— BRIEF —
What is needed here is an exact repetition of the records below, beginning at the line that has "In the instrument" and stopping after the line that has "Hey what's going".

— DATA PROVIDED —
-- Opening Marker --

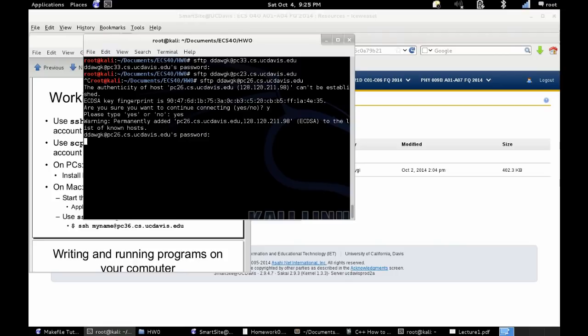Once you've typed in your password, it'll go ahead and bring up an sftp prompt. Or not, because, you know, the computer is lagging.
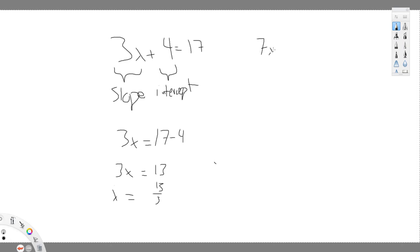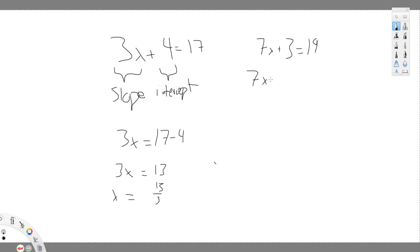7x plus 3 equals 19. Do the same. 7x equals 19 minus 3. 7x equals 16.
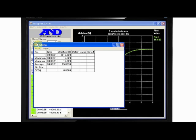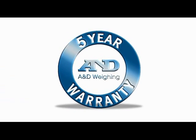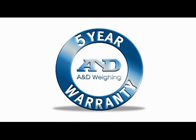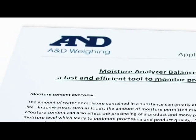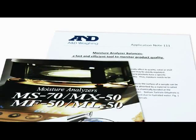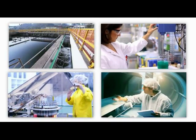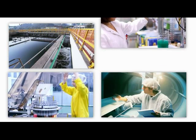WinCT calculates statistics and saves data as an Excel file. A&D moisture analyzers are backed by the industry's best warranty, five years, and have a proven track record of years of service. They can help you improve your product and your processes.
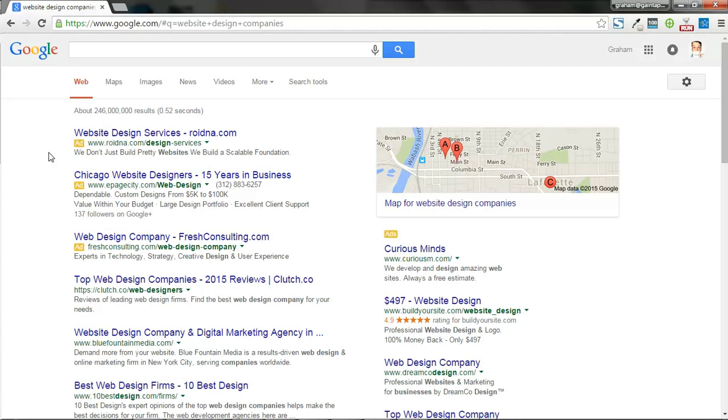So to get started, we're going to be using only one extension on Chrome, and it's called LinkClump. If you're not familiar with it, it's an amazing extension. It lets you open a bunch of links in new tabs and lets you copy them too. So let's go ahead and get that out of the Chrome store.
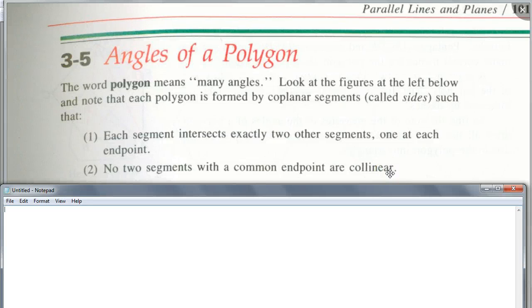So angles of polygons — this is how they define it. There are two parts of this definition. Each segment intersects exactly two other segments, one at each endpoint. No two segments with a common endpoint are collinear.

-- Closing Marker --
-- Opening Marker --

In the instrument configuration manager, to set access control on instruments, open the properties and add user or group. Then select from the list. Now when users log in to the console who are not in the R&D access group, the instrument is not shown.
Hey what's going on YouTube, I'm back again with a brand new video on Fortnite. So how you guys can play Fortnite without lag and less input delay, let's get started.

-- Closing Marker --

— EXERCISE RESULT —
In the instrument configuration manager, to set access control on instruments, open the properties and add user or group. Then select from the list. Now when users log in to the console who are not in the R&D access group, the instrument is not shown.
Hey what's going on YouTube, I'm back again with a brand new video on Fortnite. So how you guys can play Fortnite without lag and less input delay, let's get started.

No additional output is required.